One-on-one comparisons between different power meters are always difficult to interpret. They might perfectly match (which they usually won’t) and you’d still not know whether they are right. More often, they will differ and you won’t know which one is off by how much, just that at least one of them must be off.
Using scatter plots as described in an earlier post
we can use linear approximation to get a single value describing the difference between two power meters. We can also do the same for left and right pedals each, although, keep in mind that spider-based meters like the P2M (or hub-based meters) will only provide an estimate.
The inclination of the linear approximation is not a 100% statistically correct way of comparison here; there are issues like whether zero-points should be left out, whether the approximation should go through the origin of the axes, whether it should be linear etc, BUT, it provides a way to look at the overall trend.

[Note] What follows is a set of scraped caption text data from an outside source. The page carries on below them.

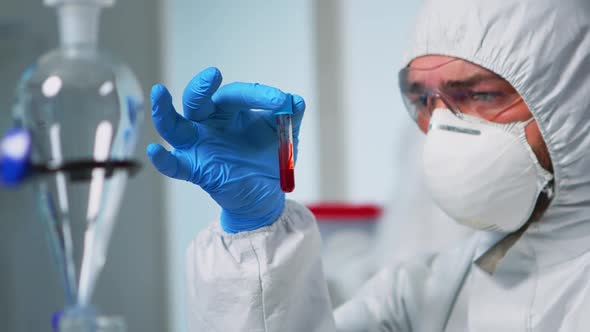 Scientist Holding Blood Sample Wearing Protection Suit alt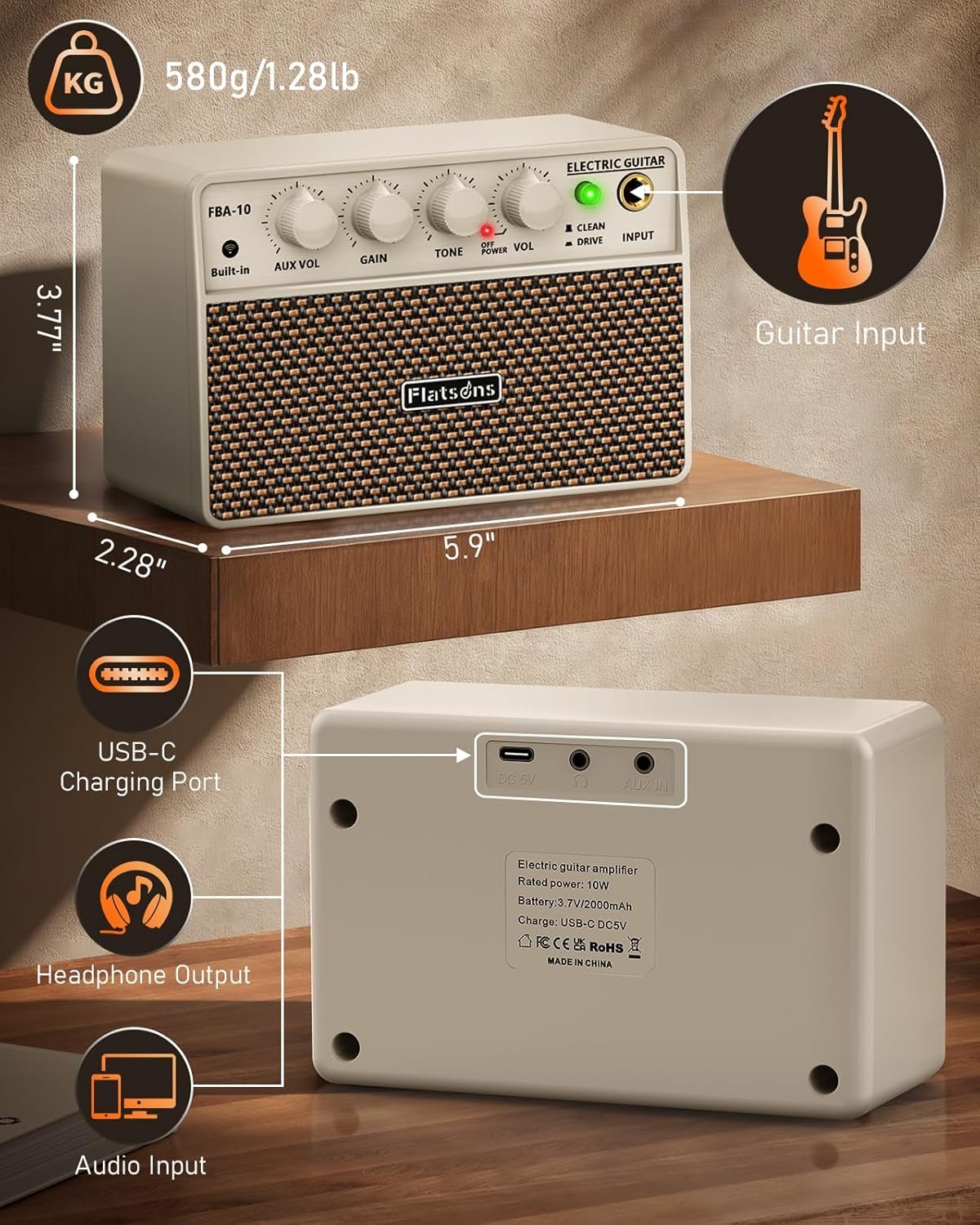 Flatsons FBA-10 white battery powered guitar amplifier sitting on a picnic table with an electric guitar and sunglasses on a sunny day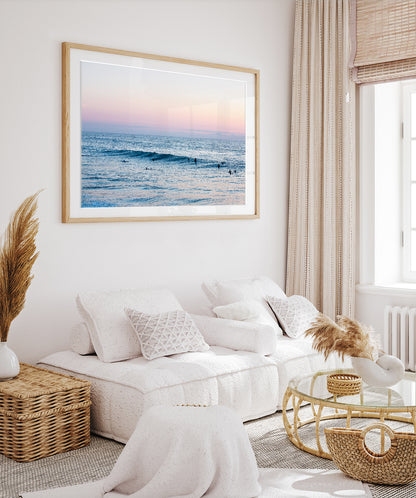 boho coastal decor with large framed ocean photograph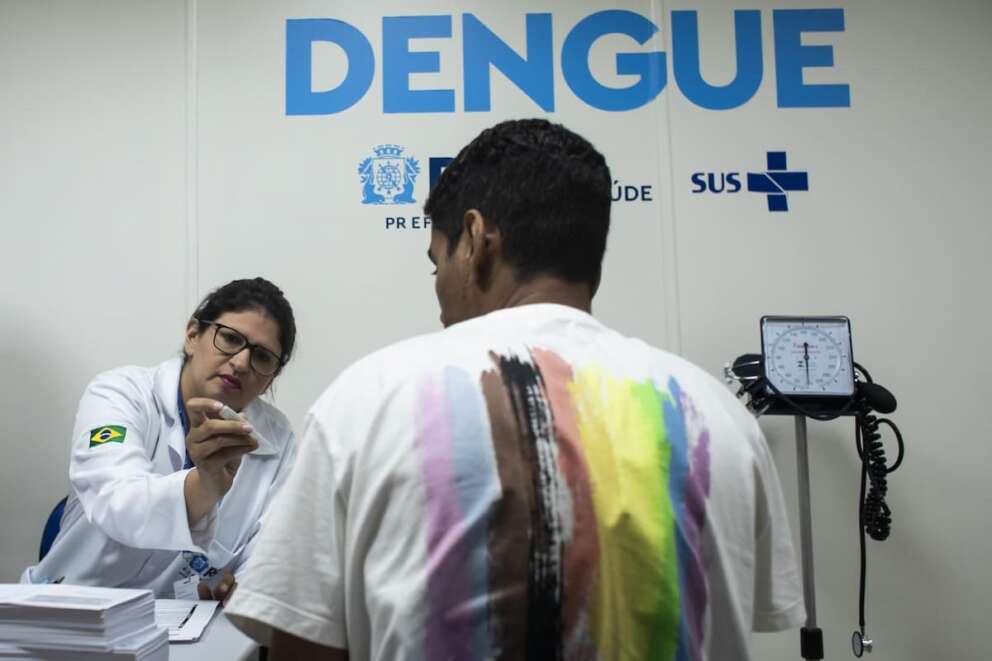 A nurse takes a patient’s temperature as she screens for dengue at the Rodolpho Rocco Municipal Polyclinic in Rio de Janeiro, Brazil, Wednesday, Feb. 7, 2024. (AP Photo/Bruna Prado)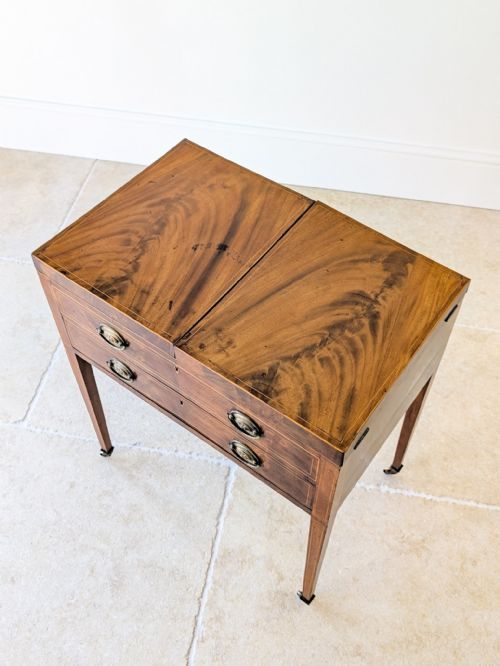 fig 1. An antique Georgian mahogany folding dressing table with fold-out side tops, a central pop-up mirror, brass handles, and square tapered legs on castors.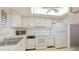 A well-lit kitchen is equipped with white appliances and ample cabinet space at 3763 Lake Bayshore Dr # 310, Bradenton, FL 34205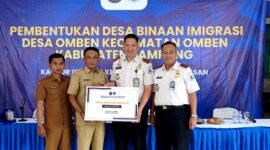 Kepala Kantor Imigrasi Kelas II Non TPI Pamekasan Ahmad Muttaqin menyerahkan cinderamata kepada kepala desa Omben usai kegiatan. (KLIKMADURA)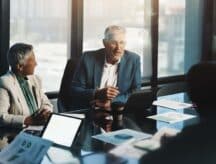 A group of business people at work.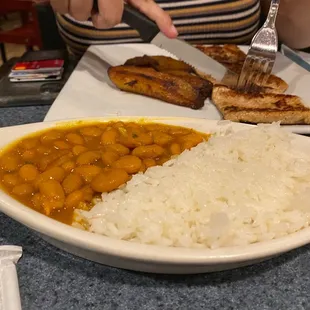 a plate of rice, beans and bread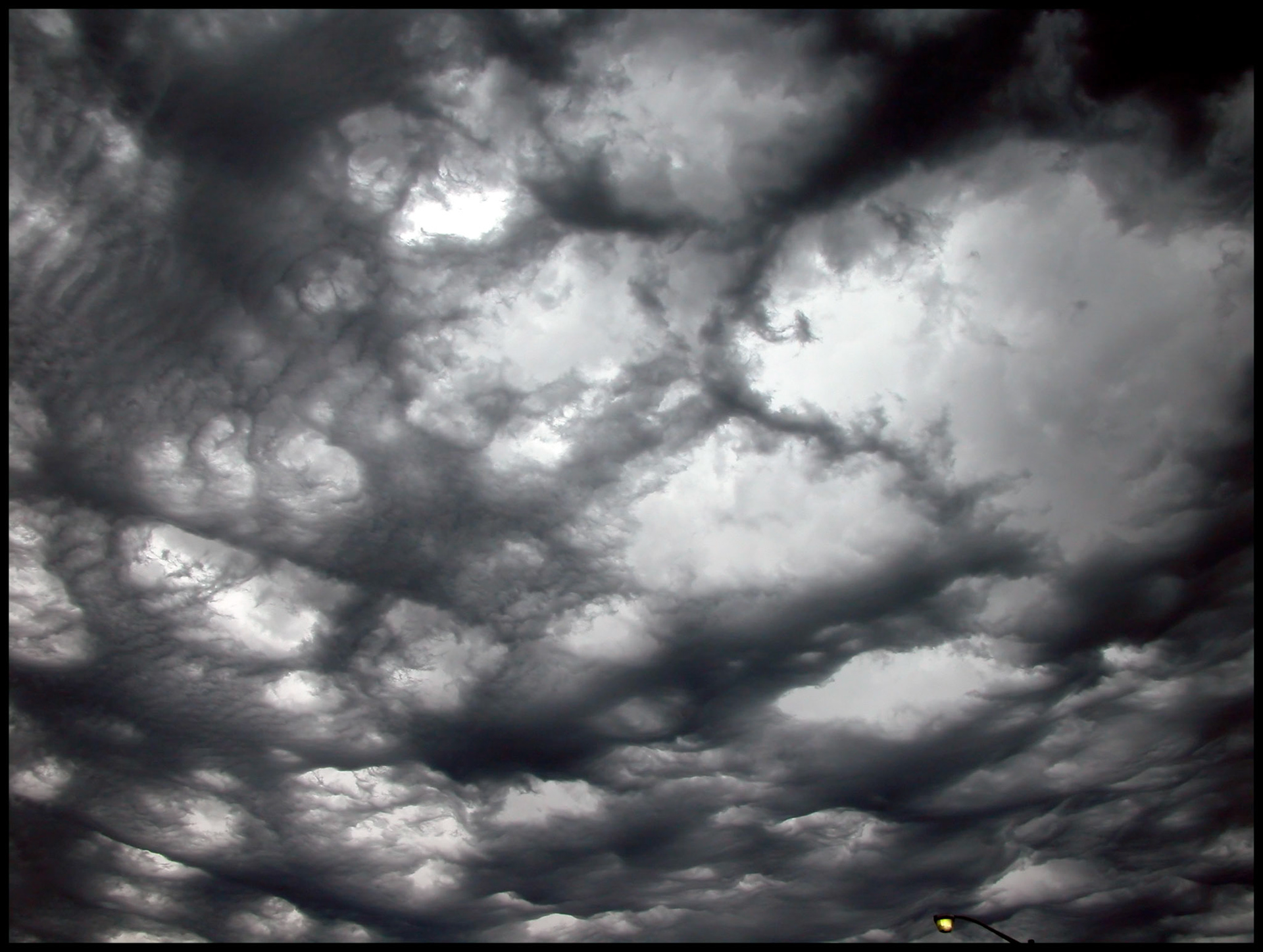 Menacing looking storm couds with circular openings of light shining through.
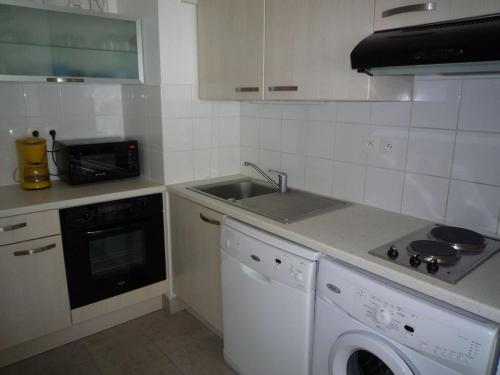 une cuisine blanche avec un évier et un lave-vaisselle dans l'établissement Charmant T2 avec Balcon, Parking et Accès Plage - Les Sables d'Olonne - FR-1-325-110, à Les Sables-dʼOlonne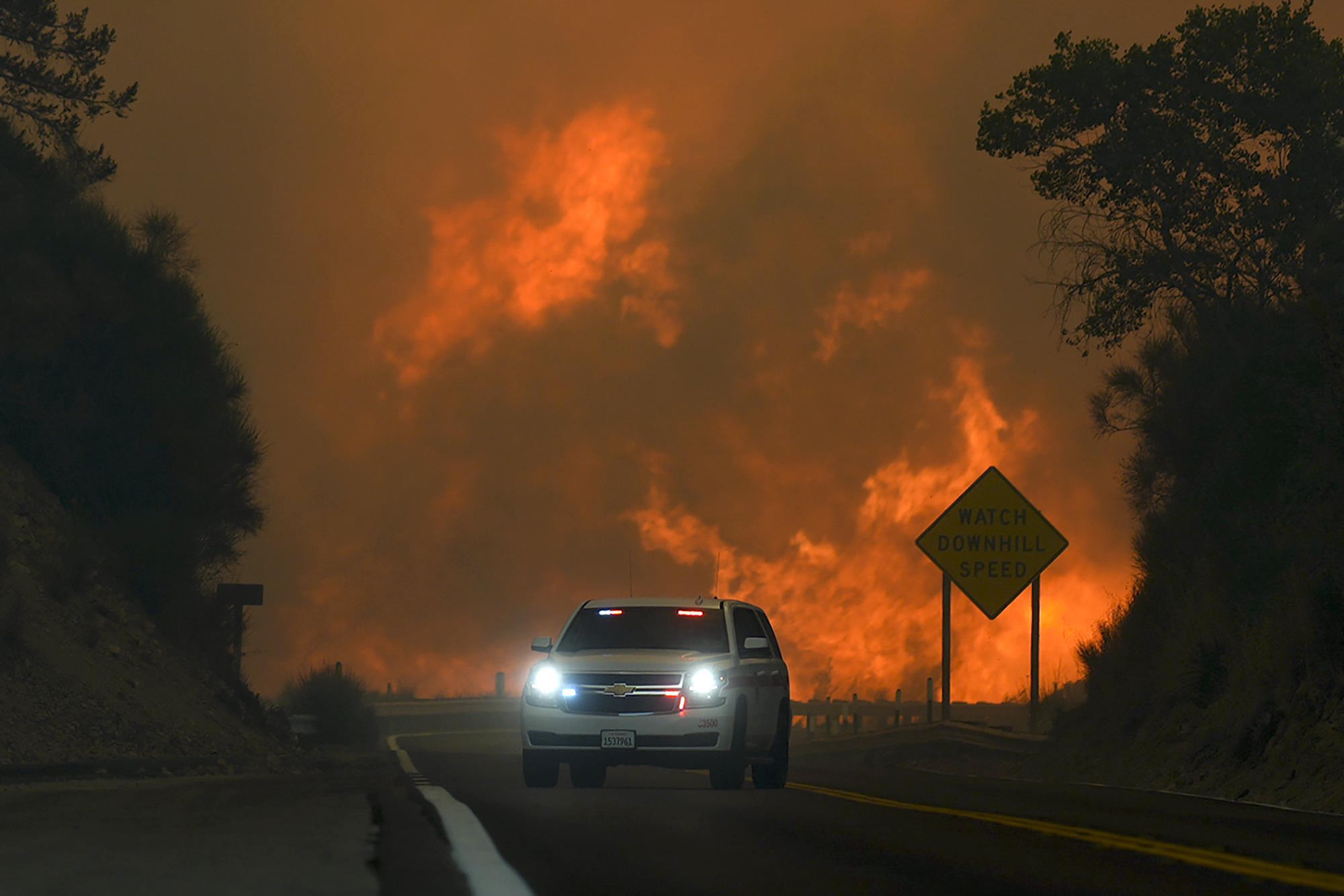 The Line Fire jumps Highway 330 as an emergency vehicle is driven.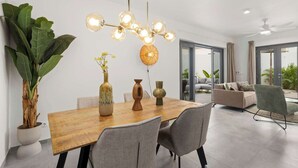 A modern dining area with a wooden table, grey chairs, and a unique spherical chandelier.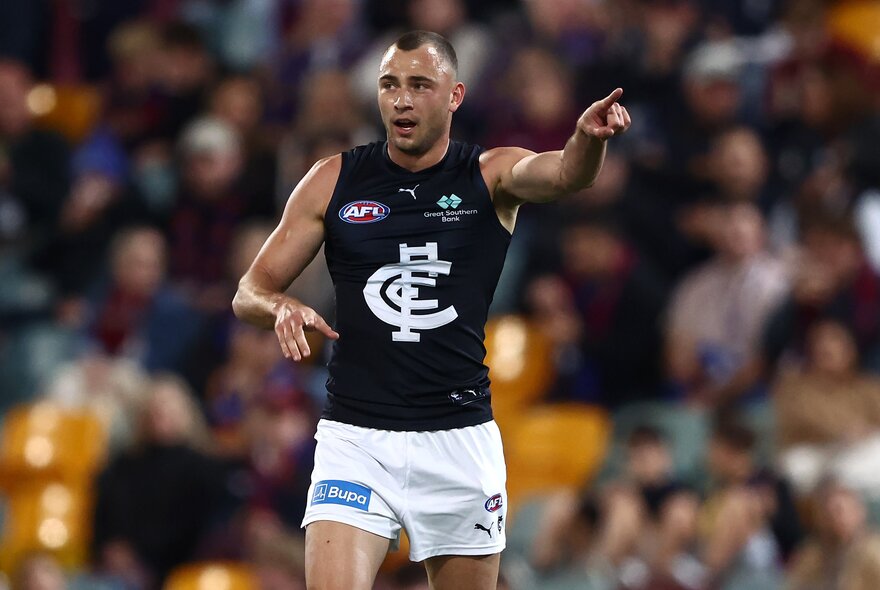 A Carlton AFL football player with his arm pointing during a match.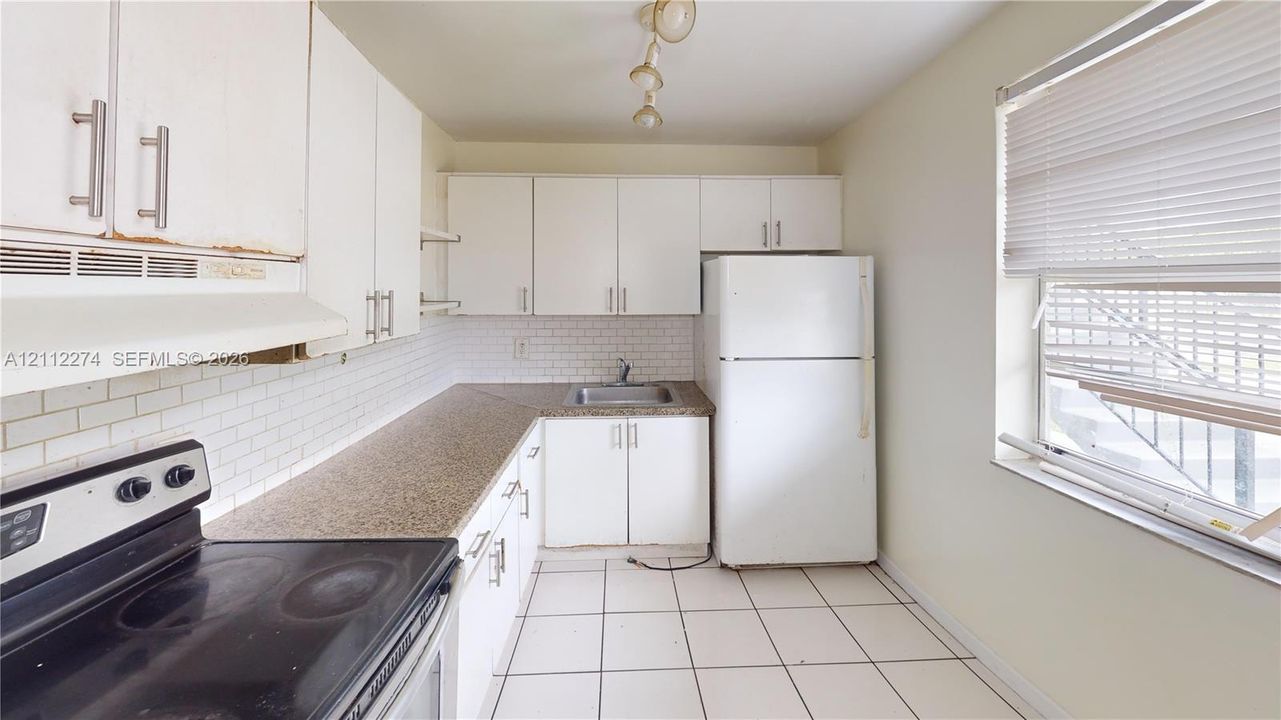 Kitchen featuring white cabinetry, solid surface countertops, a white tile backsplash, ceramic tile flooring, and integrated white appliances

I collected the data over several rides, some of which were taken on the same day, each ride starting with a zero-offset calibration of both meters and got this:
The total instant power of both meters differs on averageby 3.5%, which could be within the manufacturers claims. The fact that it may differ by up to 6.4% is less so, especially considering that this data was taken in a climatized indoor environment without large temperature changes. Both meters measure left power and right power independently: The left meters match almost perfectly by a difference of only 0.4% on average, although s.d. is a bit larger; the right meters agree less and differ by 6.3% on average and 14.1% maximum (note though that after both rides differing by more than 10% the second ride agreed much more, which might show some kind of conversion, though, the left side is showing the opposite trend… ). Although both meters report different values for instant and average power, their comparison result is similar.
Comparison of Vector2 and P2M shows that, for total power, the variance between rides is slightly less than in the previous comparison, although the difference is slightly larger, 7.3% on average, the Vector2 always reading 4.5 or more percent higher, which is not nice. We also see that the estimated left/right balance is pretty stable over rides, although that doesn’t have to mean anything. We also see that, while the left vector pedal matches almost perfectly, the right vector pedal is again reading a higher power value than the power meter it is compared with.
Conclusion:
Even calibrating immediately before a ride will not eliminate bias beween power meters. A difference of up to about 5% doesn’t seem unusual, at least for the compared pairs.
The right Vector pedal used in this comparison reads to high compared with both the Pioneer and the P2M. Note that the Vector had been calibrated using a known weight just days before, and the right Vector was scaled to about 98% of its original output value. I may need to talk with their support about this issue.